Sou velho o suficiente para lembrar que, quando comparado a hoje, existia de fato uma ditadura da moda que dizia o que as pessoas deveriam ou não usar. Por exemplo, no começo dos anos 60, lembro que minha mãe, que odiava moda e mais ainda costurar, encurtou suas saias quando decretaram que elas deveriam ser mais curtas. E cores também: quando decretaram que a moda seguinte era o rosa, a maioria das mulheres jogou fora suas roupas antigas e comprou diversos itens rosa. Atualmente, não só vemos muito mais variedades de estilo nas ruas como também muito mais tendências sendo apontadas nos desfiles, ao contrário de uma direção só, como foi quando a Dior lançou o New Look, em 1947. Hoje seria muito difícil identificar uma única tendência para seguir.
Essa necessidade de seguir uma tendência vai acabar?
Pela minha experiência, acho que as pessoas cada vez mais têm orgulho de ter boas peças. Elas até falam “eu tenho isso há anos”. O que quer dizer que as tendências de hoje não são vistas como algo necessariamente melhor, ao contrário do que acontecia há algumas décadas, quando o “novo” era sempre “melhorado”.
“Usamos as roupas para sinalizar o que acreditamos como indivíduos, então compramos marcas que acreditamos que têm a coisa certa’ a dizer”
Como a valorização do estilo pessoal em detrimento às tendências tem afetado o mercado da moda?
Foi na Inglaterra, nos anos 80, que se começou a ouvir o termo “vítima da moda” como algo negativo. Ultimamente, a expressão “na moda” também migrou de algo que todo mundo queria ser para algo que se evita. Podemos debater para sempre o que causou essa mudança, mas acho que o mais importante é apontar que cada vez mais as pessoas querem ser reconhecidas como únicas e criativas, sendo a roupa uma “apresentação” do que são. Isso começou em territórios mais extremos, como os punks e os góticos, mas, no meu ponto de vista, passou da minoria para a maioria. Cada vez mais as pessoas querem se diferenciar umas das outras.
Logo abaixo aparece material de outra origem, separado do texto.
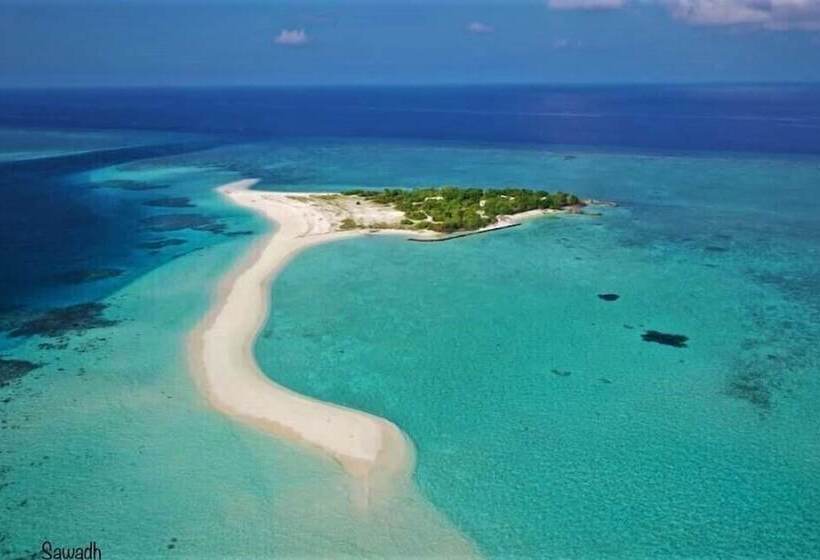 پانسیون Explore Island Inn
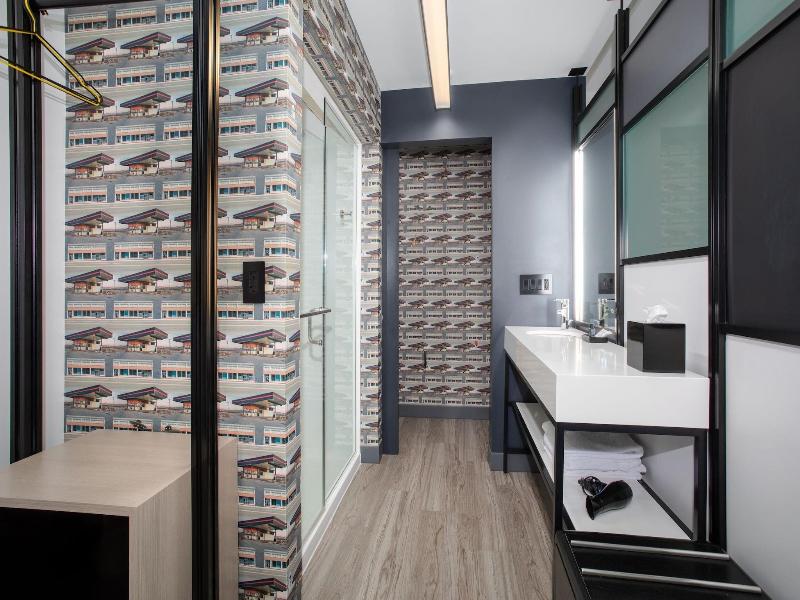 Aloft Omaha Aksarben Village image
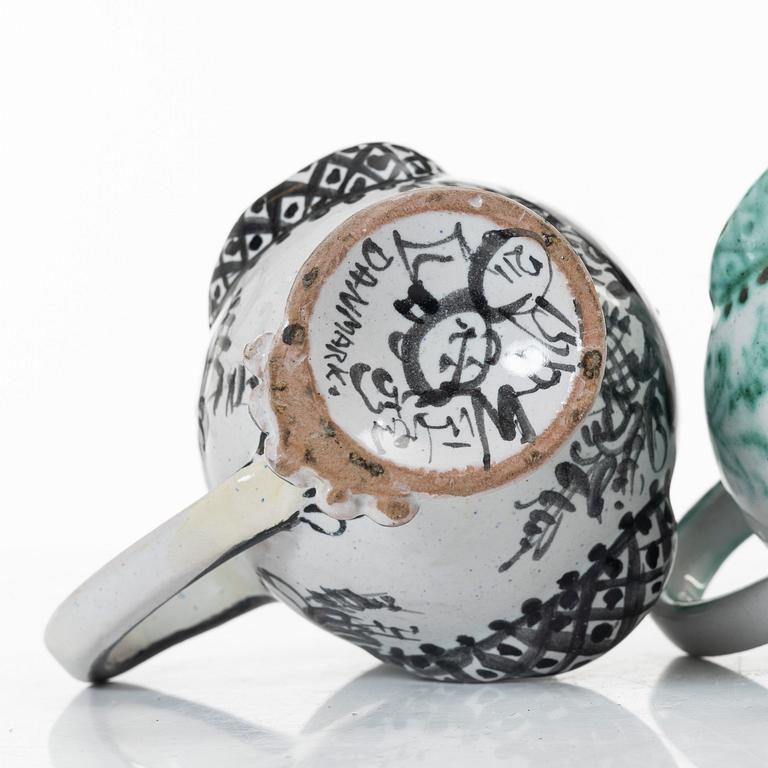 Björn Wiinblad, kannor med lock, två stycken, fajans, signerade och daterade -52 respektive -53.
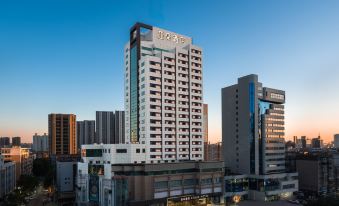 Atour Hotel (Qingnian Avenue & Daxi Road, Shenyang)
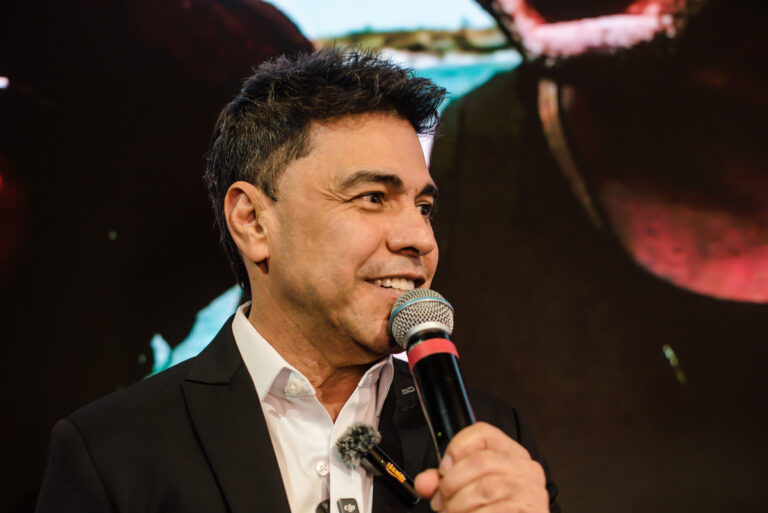 Zezé Di Camargo e Gran Vellas reúnem empresários e imprensa em jantar estratégico em São Paulo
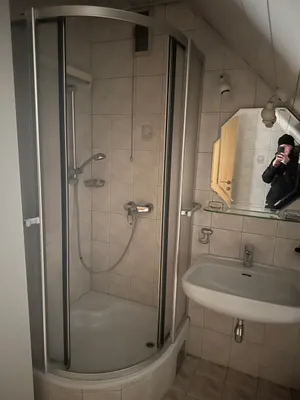 Wohnung zu vermieten mit Heizung und Warmwasser – Bild 3
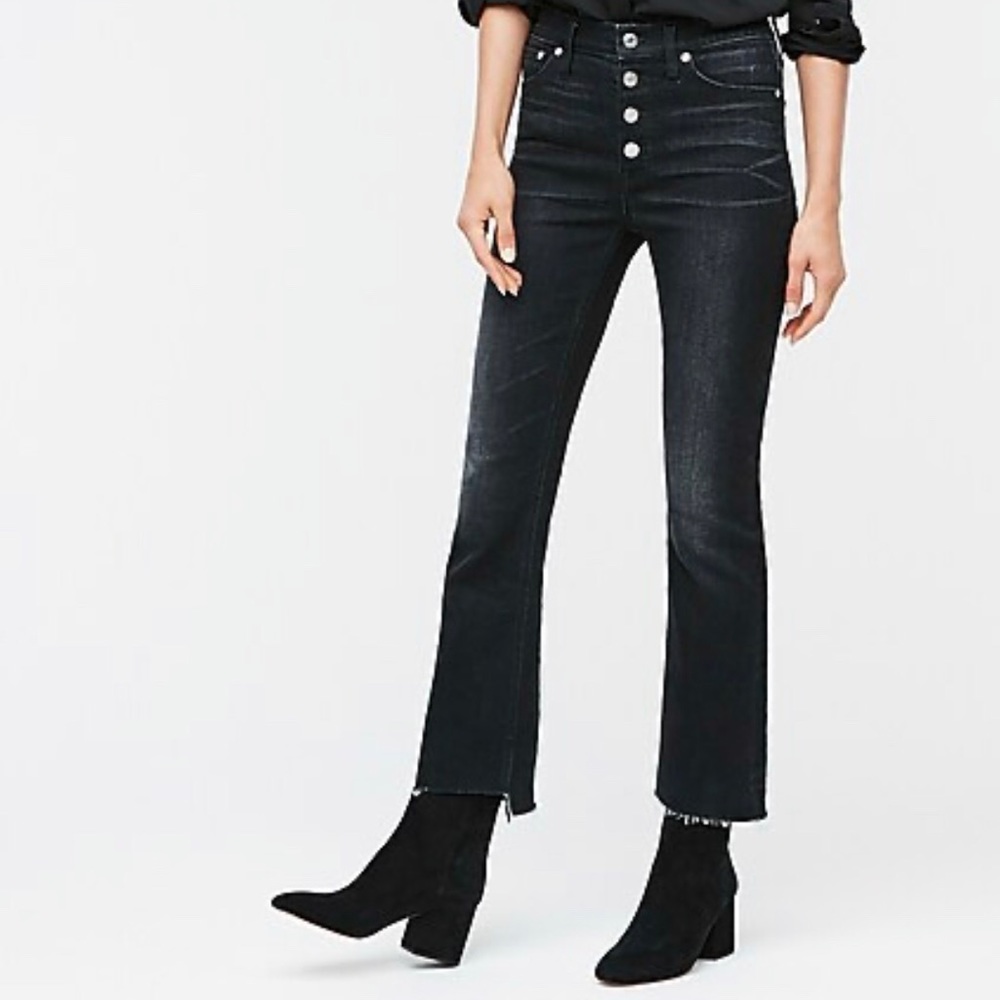 J.Crew Sadie ankle boots in suede. 🖤👢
As pessoas estão consumindo roupas de maneira mais consciente?
Não comprar roupas de marcas que usam trabalho escravo é só o começo. Hoje, todas as marcas são “marcas de ideia”, ou seja, representam valores, crenças e sonhos. Uma das primeiras a perceber que esse era o caminho foi a Benetton, nos anos 80, que ficou famosa por suas campanhas com cunho político que nem mostravam as roupas que estavam vendendo. Quando compramos ou usamos um logo, uma marca ou até mesmo um estilo, estamos sinalizando que aqueles também são os nossos valores, crenças e sonhos. Nós usamos as roupas para sinalizar o que acreditamos como indivíduos, então compramos marcas que acreditamos que têm a “coisa certa” a dizer.
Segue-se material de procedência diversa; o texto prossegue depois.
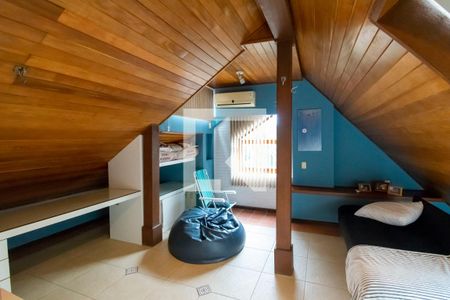 Casa de condomínio à venda com 150m², 3 quartos e 2 vagas Casa de condomínio à venda com 150m², 3 quartos e 2 vagasSótão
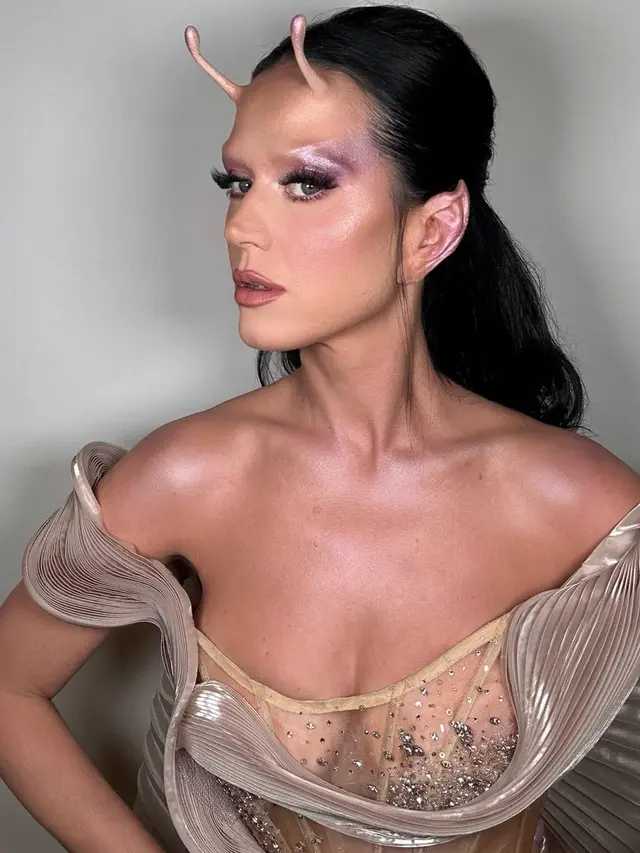 Gaya Unik Katy Perry yang Jadi Alien Cantik Pakai Busana Desainer Indonesi di Ulang Tahun Jeff Bezos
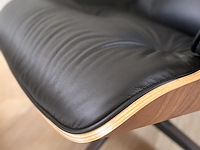 Eames lounge chair met ottoman in walnoot en echt zwart leer replica, walnoot / zwart - afbeelding 9 van  14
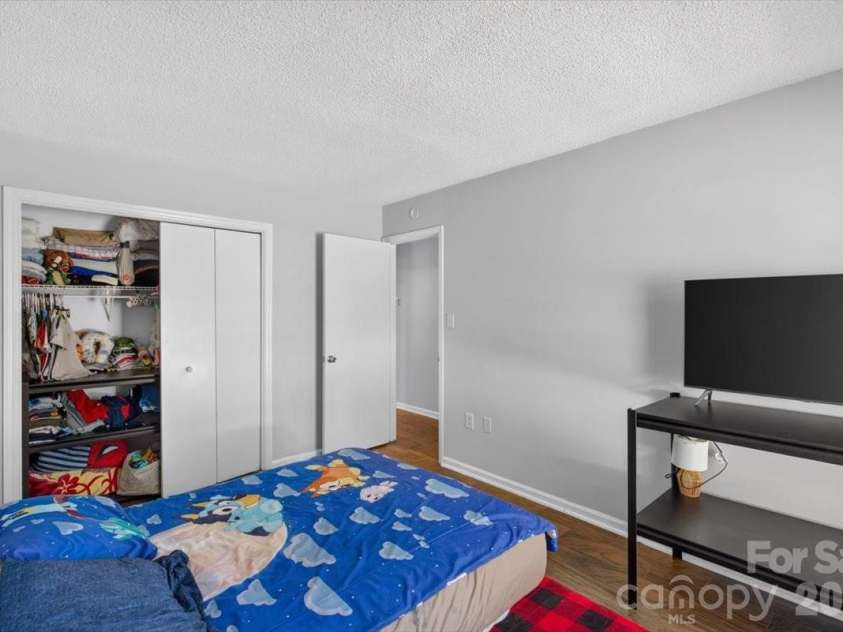 8006 Sheringham Way, Charlotte, NC 28227.  MLS# CAR4422467, YatesRealty ID 51980.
Que direção a moda está tomando?
Caminha para algo global e pessoal ao mesmo tempo, peças “misturadas” e sempre com algo a dizer. Antigamente, nossa identidade dependia de circunstâncias como onde você nasceu, a classe social da sua família, sua religião, nacionalidade e cor de pele. Hoje, cada vez mais, nós moldamos e construímos nossa identidade. Com isso vem a necessidade de construir um estilo que simbolize isso tudo. Estilo sempre foi importante na história da humanidade, mas ultimamente é uma questão de escolha pessoal, com uma mensagem única.